Ainsworth and Stirling

Mr. and Mrs. Thomas Ainsworth are spoken of in the diaries as nephew and niece to John and Eliza (McNeill) Winstanley (see Image 40) by virtue of the fact that Thomas Ainsworth’s mother and John Winstanley’s first wife were Hatton sisters (of whom there were seven). Thomas Ainsworth (bap. Preston 29 March 1804 – 28 June 1881) was the son of David (c. 1773 – 13 May 1819) and Alice (Hatton) (c. 1776 – 1 December 1827) Ainsworth.1 They made their home in Preston.
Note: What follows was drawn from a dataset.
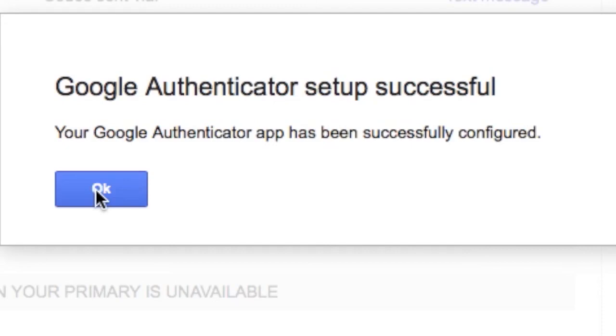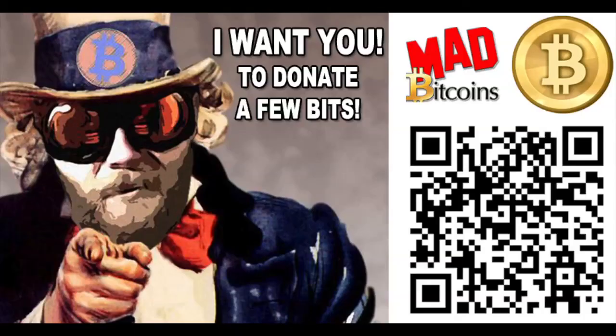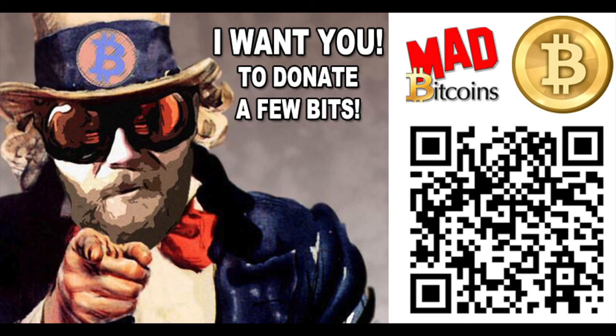Once you've done this, your Google account is now linked to your Google Authenticator software on your phone. The attacker would now need to take over your phone and use Google Authenticator app to break into your Google account. This has been MadBitcoins. How to set up your Gmail account and two-factor authentication using either text message or Google Authenticator app. Check the links below for more info.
David Ainsworth and his younger brother, Thomas, were partners in the cotton-spinning business.2 The death of David Ainsworth while his son Thomas was still at school precluded Thomas’s going to college, while his extreme youth made it impossible for him to “take his father’s place in the business partnership,” and resulted in the closing of the business.3 On the death of his mother and shortly thereafter of one of his three sisters (Charlotte [c. 1809 – 18 July 1828]), all younger than himself, Thomas Ainsworth left Preston “with his two remaining sisters” and “went to live at Summer Hill … in North Lancashire.”4 He was already engaged in flax spinning in this area and became very successful.5 In his religion, he was a staunch Unitarian.6 On 24 May 1836, he married Mary Laurie Stirling (bap. 6 April 1808 – 28 February 1867), eldest daughter of the Rev. John Stirling, D.D., of Craigie, Ayrshire, and of Mary (Macquhae) Stirling.7 Mary Laurie (Stirling) Ainsworth’s father had been moderator of the General Assembly of the Church of Scotland.8 “About the time of his marriage, [Thomas] Ainsworth purchased the mills at Cleator, in Cumberland.”9 He also bought “the property at The Flosh.”10 In addition to flax spinning, he was a “pioneer in the commercial development of West Cumberland … one of the first to commence iron-mining … in that district … also a large farmer.”11 He and his wife were living at the Flosh during the period covered by the diaries, and all of their children were born there.12 At the time Anna Whistler (see Images 1–5) speaks of meeting Mrs. Thomas Ainsworth, the Ainsworths had two sons, David (1842 – 21 March 1906) and John Stirling (later Sir) (30 January 1844 – 24 May 1923)13 and had lost a son named Thomas Hatton (d. 1847).14 Their fourth son, William Macquhae (20 December 1848 – 26/27 May 1891), was born just after the period covered by the diaries.15 Thomas Ainsworth was one of the executors of John Winstanley’s will.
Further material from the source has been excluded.